The Bonneville Power Administration-funded Fish Passage Center has established that the four lower Snake River dams are driving Snake River salmon and steelhead (“salmon”) runs to extinction. Therefore, we must make a choice between saving Snake River salmon or preserving the arguable benefits the dams provide that either have been, or can be, replaced.

If you support dam breaching, please let OPALCO know.

First, it is a myth that breaching the four lower Snake River dams presents a choice between clean energy or iconic Northwest salmon. We can have both clean energy generated by existing new renewables—primarily solar and wind installations—and we can have abundant salmon and steelhead (“salmon”) runs. The Fish Passage Center’s studies reveal that if the lower Snake dams are breached and more water flushed (“spilled”) over the four Columbia mainstem dams, spring/summer chinook salmon abundance could increase as much as four-fold.

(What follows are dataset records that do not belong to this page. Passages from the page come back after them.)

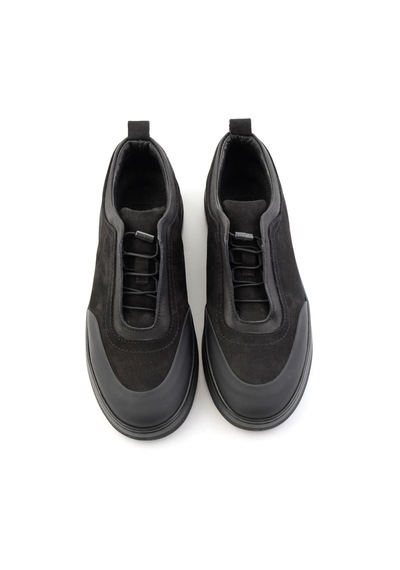 Bambi Siyah Nubuk Hakiki Deri Erkek Sneaker E01774017201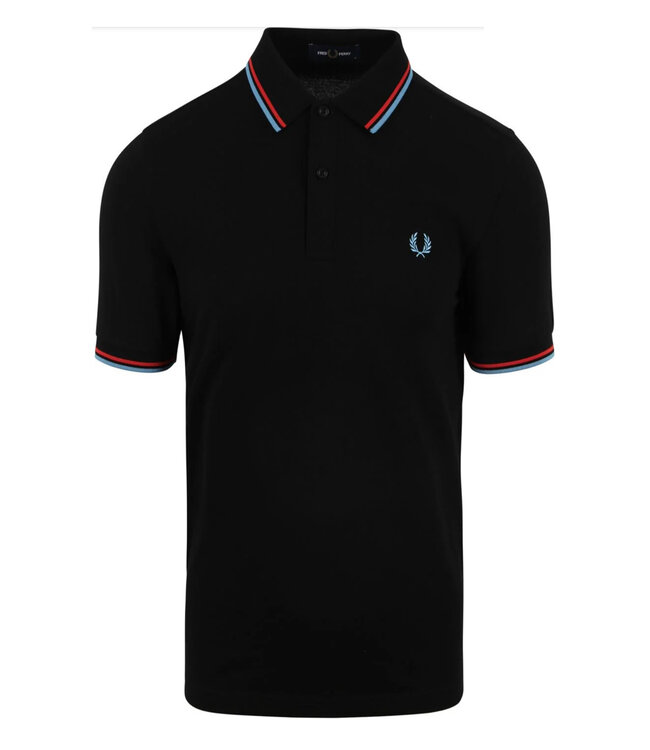Fred Perry M3600 kleur S05 Twin Tipped polo zwart met blauw logo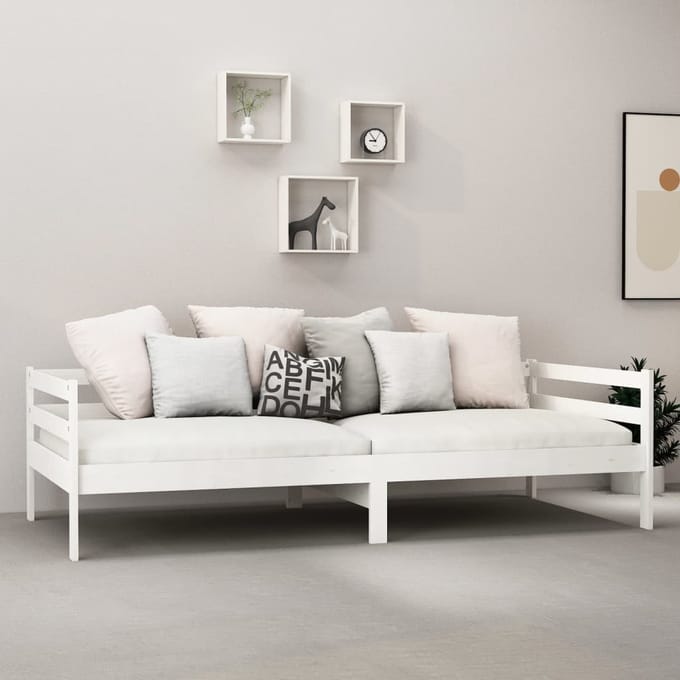 vidaXL - Slaapbank - met - matras - massief - grenenhout - wit - 90x200 - cm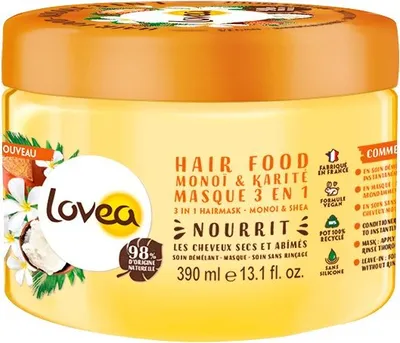 Produktbild von Lovea Maske für trockenes und strapaziertes Haar 3in1 Monoi 390ml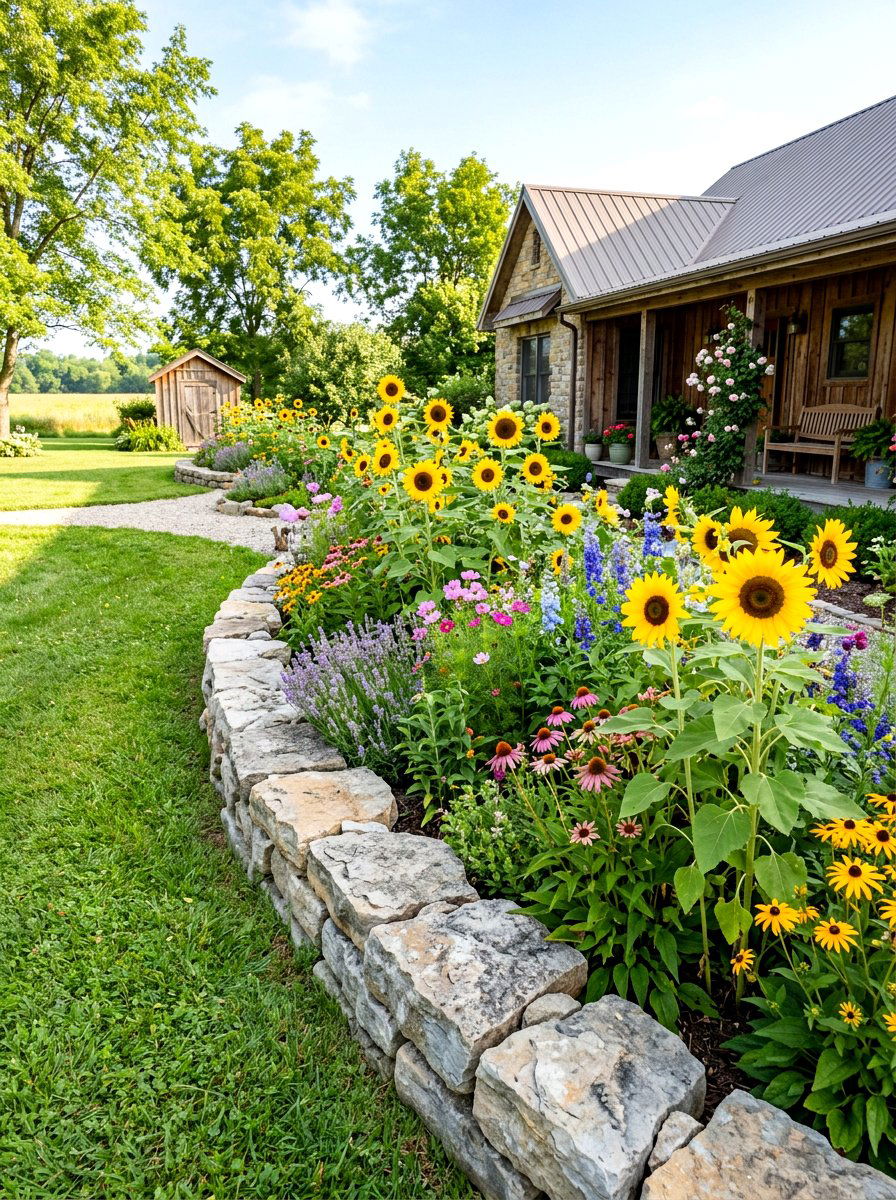 Tumbled stone flower bed edge - 30 paver garden border ideas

Second, OPALCO consumers will pay less for electricity if the dams are breached. The lower Snake River dams do not produce low-cost energy. In 2020 the federal government completed the Columbia River Systems Operations/EIS, (CRSO EIS). It showed the four dams on the lower Snake River must be breached to recover Snake River salmon. And with breaching, Snake River salmon will be restored and breaching will reduce Bonneville’s annual costs by up to 15 percent compared to the disastrous status quo—the No Action Alternative. See Table 3-309 below from the CRSO EIS, Chapter 3. (MO3 is the Alternative of breaching the four lower Snake River dams.)

Third, lower Snake River dam breaching will benefit the environment and help reduce climate change. The lower Snake dams have degraded the entire lower Snake River Basin ecosystem. The reservoirs behind the lower Snake River dams are methane factories. Algae growth is spurred in the dams’ reservoirs due to their warm temperatures and high nutrient loads from agricultural runoff trapped by the dams. Algae then decomposes in the reservoirs’ oxygen depleted water to produce significant amounts of methane, a greenhouse gas at least 84 times more potent than carbon dioxide.

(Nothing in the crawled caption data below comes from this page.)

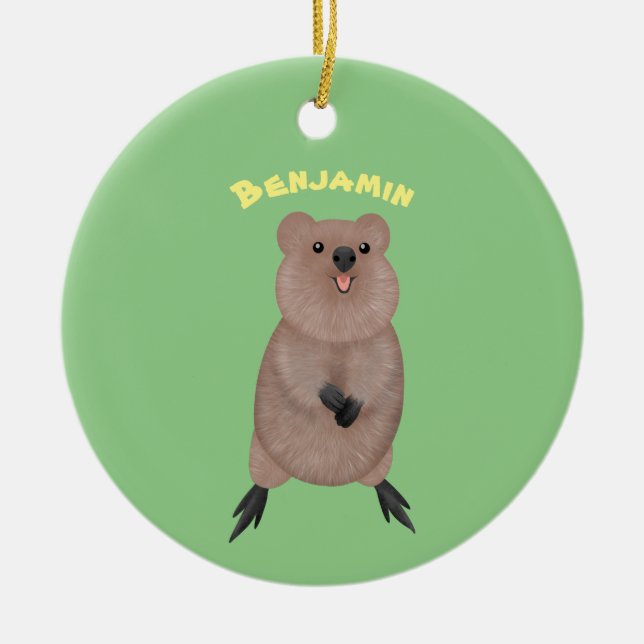 Décoration En Céramique Joli sourire mignon dessin animé quokka (Devant)
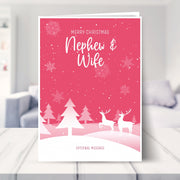 Nephew & Wife christmas card shown in a living room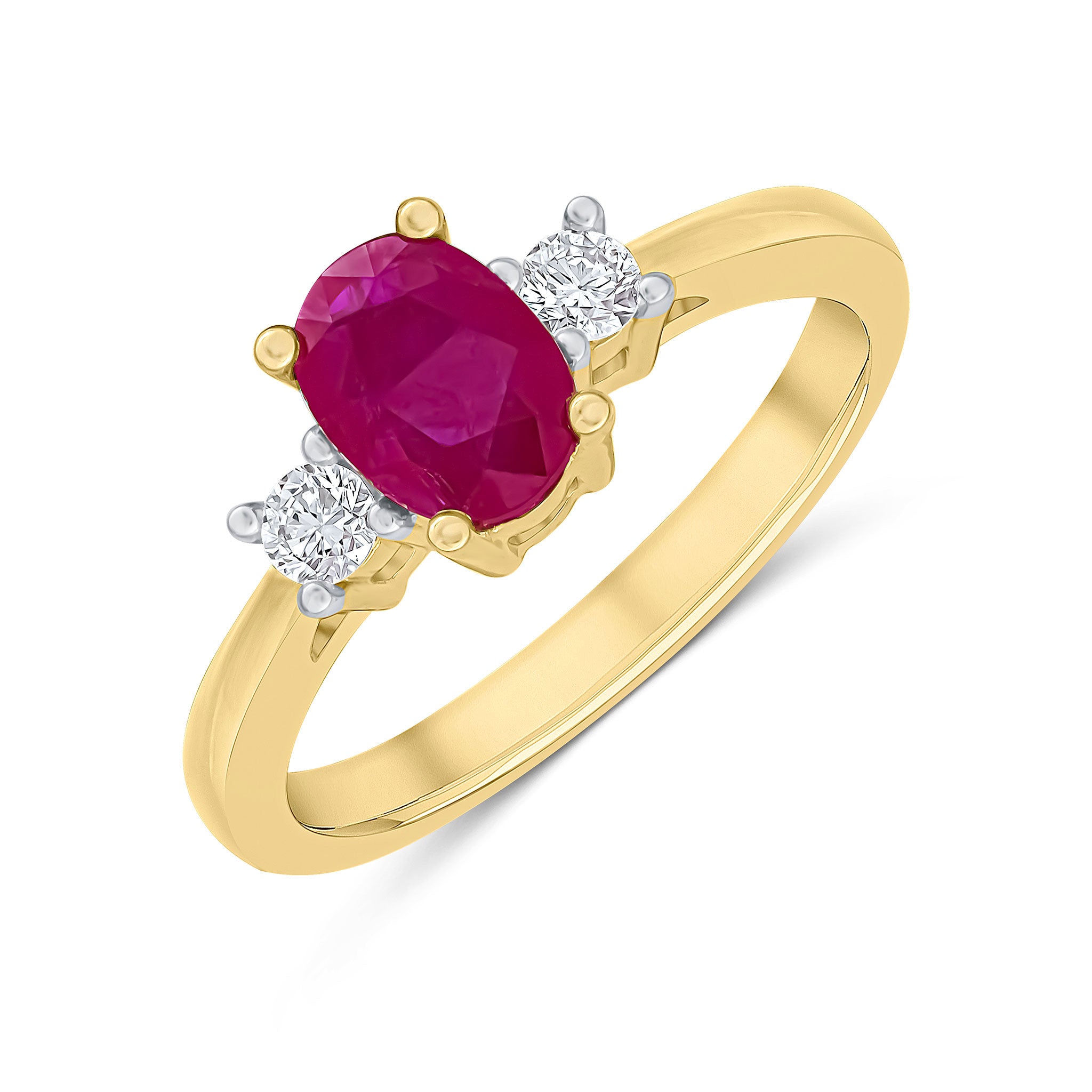 9CT YELLOW GOLD OVAL RUBY AND ROUND DIAMOND CLAW SET 3ST RING. RHODIUM TO DIAMONDS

The reservoirs also have flooded out riparian areas that previously acted as carbon sinks. Snake River Basin forests are less healthy because the dams have deprived them of marine nutrients formerly provided by abundant salmon runs. Consequently, the forests have reduced ability to sequester carbon, and have become more susceptible to wild fires that emit catastrophic amounts of hydrocarbons, which further propels climate change. Breaching the dams will recover salmon, return marine nutrients to the ecosystem, restore carbon sequestering riparian areas, and rebuild healthy forests that can again capture and store carbon. This will reduce climate change, help all living things on earth, and provide a safer and more secure environment for future generations.

Fourth, we do not need the energy produced by the lower Snake River dams. In the last decade the energy has been replaced many times over by solar and wind energy. There is a glut of energy in the West, and over 50% of the dams’ hydropower is produced during the spring runoff, the months with the least demand for power. The Snake River is at its lowest flows during the hot summer and coldest winter months when energy is needed most. Despite contrary claims, the Snake River dams did not provide anything other than its ordinary output of energy during the June 2021 heat dome and the December 2021 cold snap.

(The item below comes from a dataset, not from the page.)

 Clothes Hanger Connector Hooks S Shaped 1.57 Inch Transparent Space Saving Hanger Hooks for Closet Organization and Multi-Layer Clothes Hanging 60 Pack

A few other points. Pro-dam advocates conflate the benefits provided by the entire 31 dams in the Federal Columbia River Power System with the benefits provided by the four lower Snake River dams. This is a mistake. The Snake River dams were the last built in the hydrosystem. They do not have the capability of producing the large amounts of energy of the earlier built storage dams, such as Grand Coulee or Chief Joseph dams. The Snake dams are run-of-river dams on a relatively low flow river that cannot store more than a few hours of useful water at any time. They are not storage dams in the sense that they can store water for days or weeks at a time and then release it to meet some urgent energy requirement. Thus, they have little potential to back up variable renewable energy.

Salmon on the lower Snake River are not recovering, as shown by the chart below. The orange line on the chart shows spring/summer chinook spiraling toward virtual or complete extinction. These are the fish the Southern Resident orcas historically depended upon to get them through the winter.

What is your choice? Let OPALCO know.

This should be an easy call for us and OPALCO. Do we allow salmon and the Southern Resident orcas to become extinct on our watch, in exchange for the relatively minimal benefits from the four lower Snake River dams for which there are ready alternatives? Or do we stand with the salmon and orcas to survive as species for future generations to enjoy?